Under normal circumstances, I will use cp /proc/pid/exe /tmp/malware to restore the executable program of the malicious process. Even if the file has been deleted or the memfd_create call that fileless malicious program is used, it can be successfully restored the executable program by the cp command, unless it is a system kernel thread. But when I used the cp command to recover a malware process, the command return

cp: cannot stat ‘/proc/pid/exe’: No such file or directory.

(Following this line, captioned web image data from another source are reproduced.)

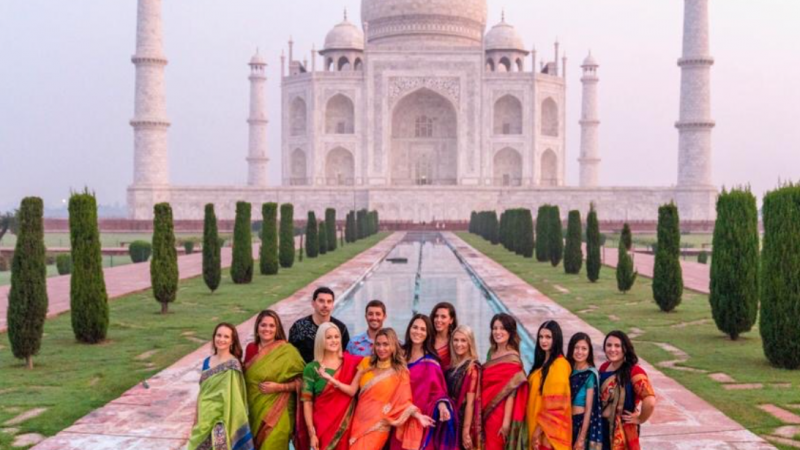 india taj mahal influencer-hosted group trips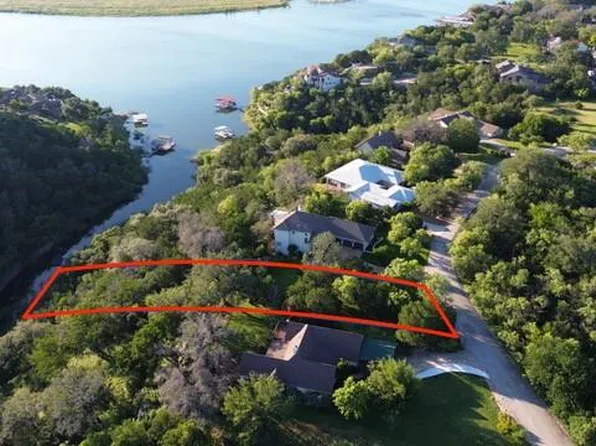 19 Hummingbird Way, Spicewood, TX 78669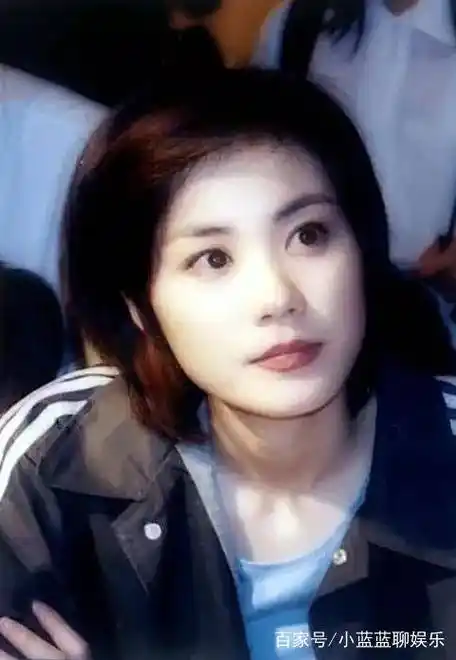 原创王菲22年前照片曝光比高圆圆还清纯网友难怪谢霆锋对她痴迷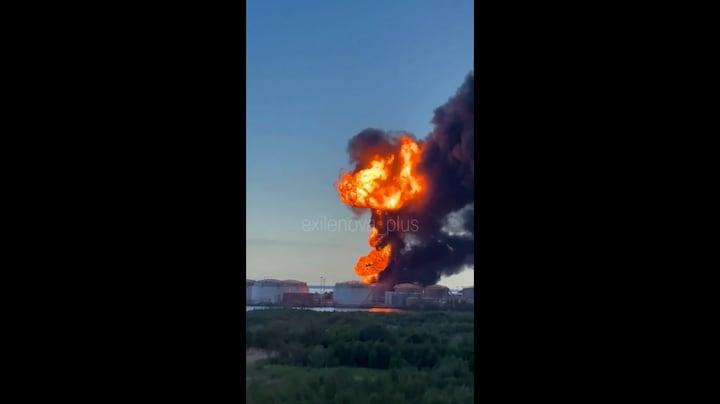 In beeld: enorme explosie na Oekraïense droneaanval op oliedepot St. Petersburg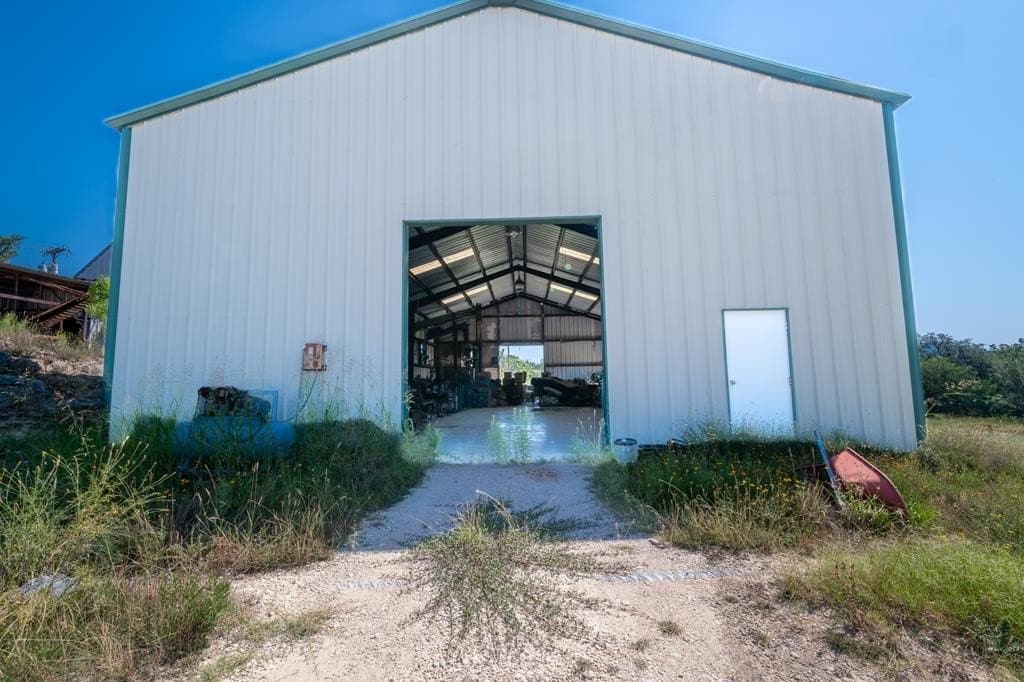 7 acres in Bandera County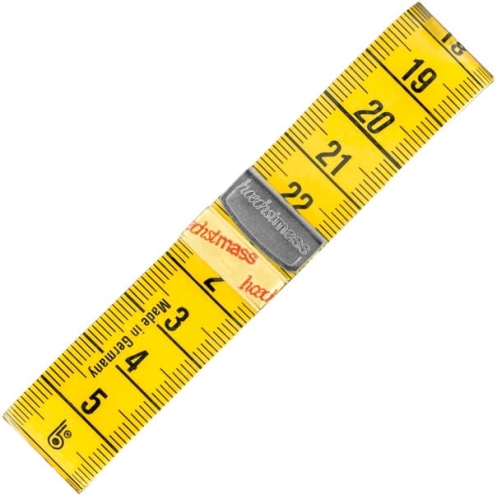 Centymetr krawiecki obustronny, długość 150 cm, w kolorze żółtym. Widoczne podziały w centymetrach oraz milimetrach. Miernik walcowaty, z metalowym mocowaniem w centralnej części. Idealny do precyzyjnego pomiaru odzieży i materiałów.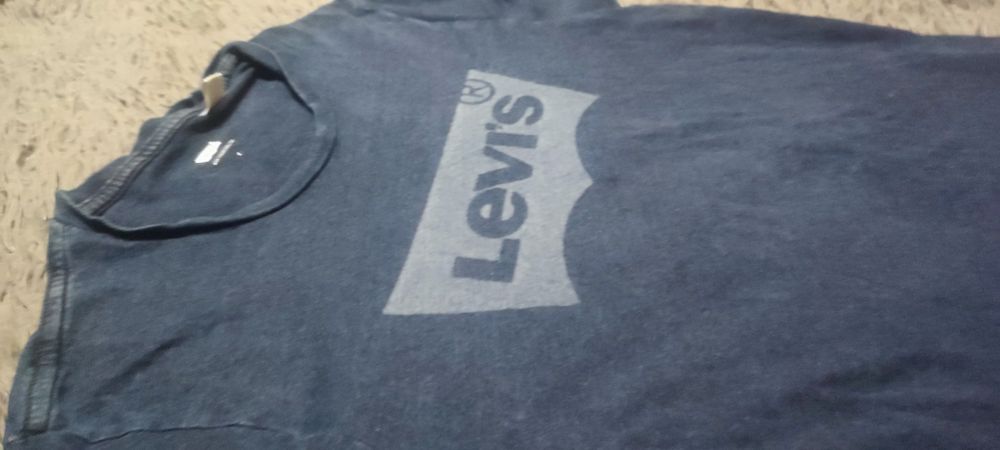 Продам класну чоловічу футболку Levis, розмір S.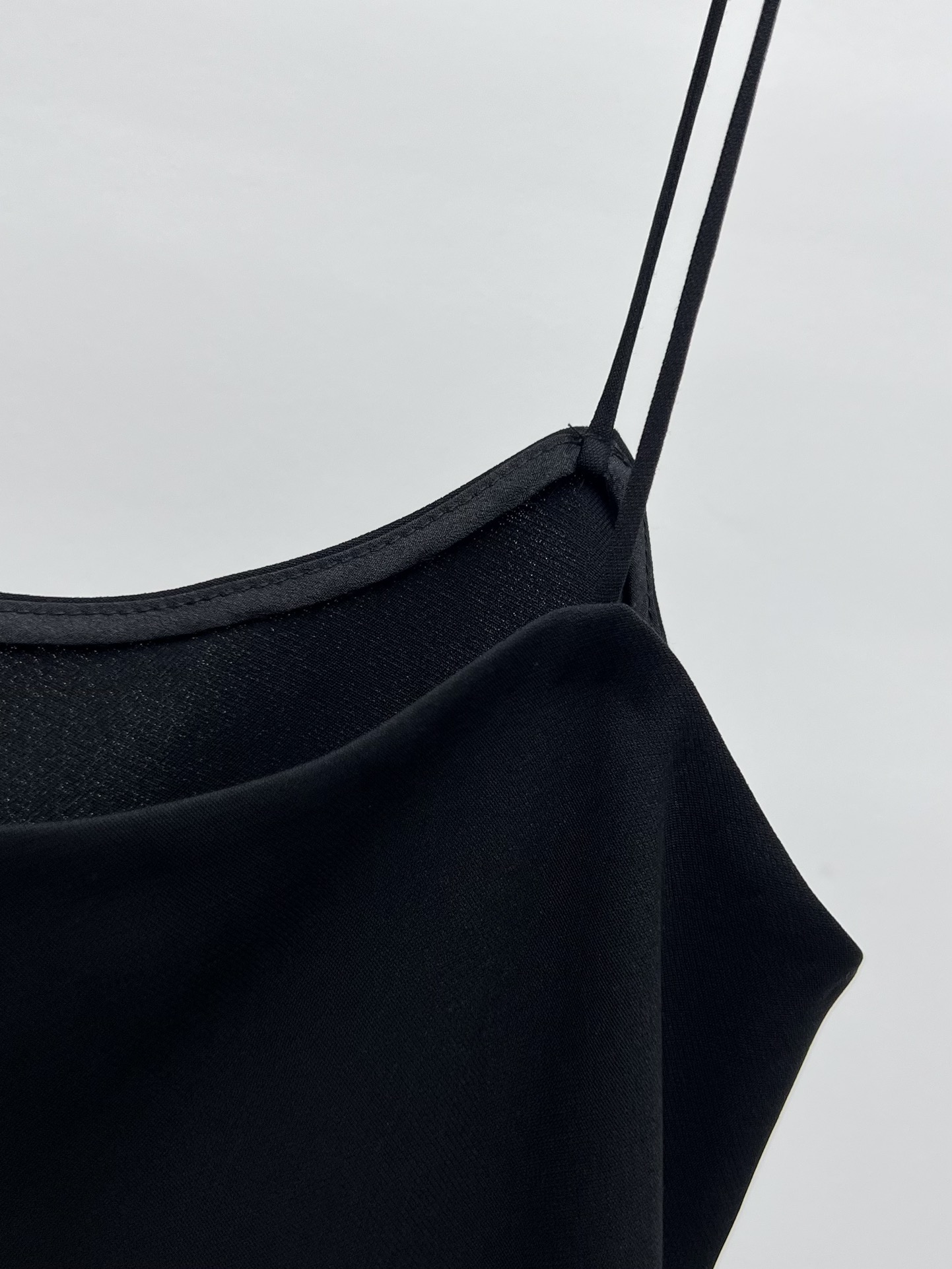 “Stylish Single-Size Female Suit with Unique Design and Comfortable Fabric” - 图片 8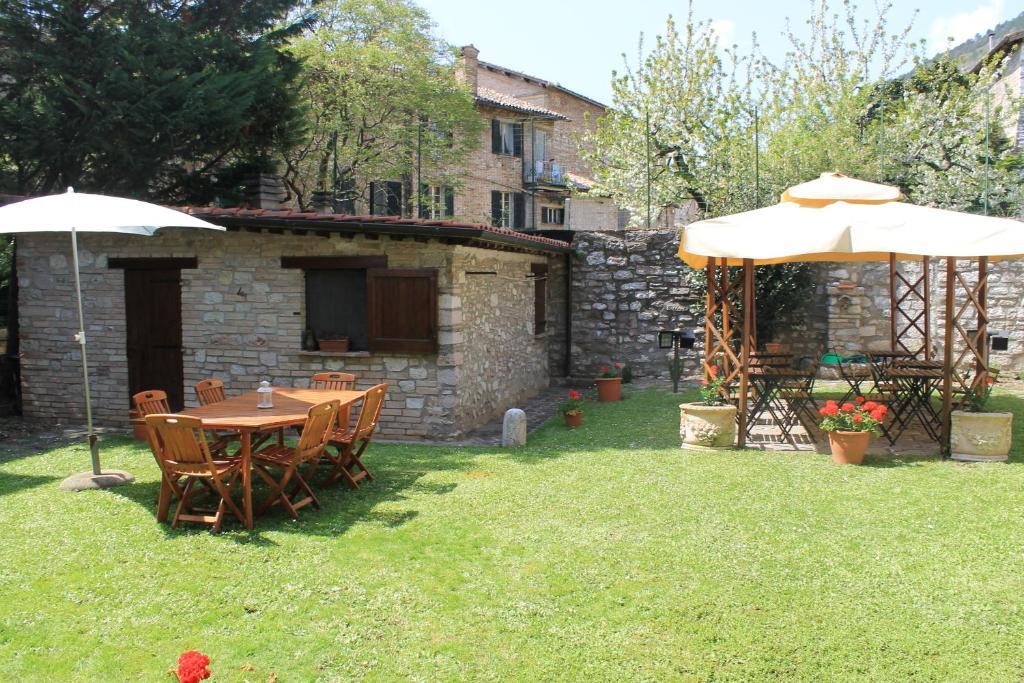 Residenza Le Logge Bed and Breakfast Gubbio Exteriör bild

This is very strange, it is worth mentioning that I am a root user and use busybox cp

What magic does this malware may use:

I very curious about the magic used by this malicious program. It can hide its executable program well, even if it is a ordinary user hadoop. I currently know that there are the following methods to achieve similar hiding:

  1. fuse: Ordinary users can mount fuse file system and run their own executable program, and then umount fuse, as far as I know, the executable program of the process cannot be restored by using the cp command at this time
  2. nfs: similar to method 1

But these two methods of hiding one’s own executable program that I know above are not the method used by the hadoop malicious program I encountered that time. so here to consult, does any 0x00’ers know what strange magic the malicious program may use?

Looking forward to hearing any relevant points!

That’s interesting… What kernel is running the machine? Did you checked if the PID exist?. Have you verified your hypothesis with fuse/nfs?

An old technique to avoid being caught is to just fork again and again every few seconds, so your PID gets changing and it is just hard to target the process.

Hi pico!
OS is centos7, kernel 3.10 and the specific release version is not recorded.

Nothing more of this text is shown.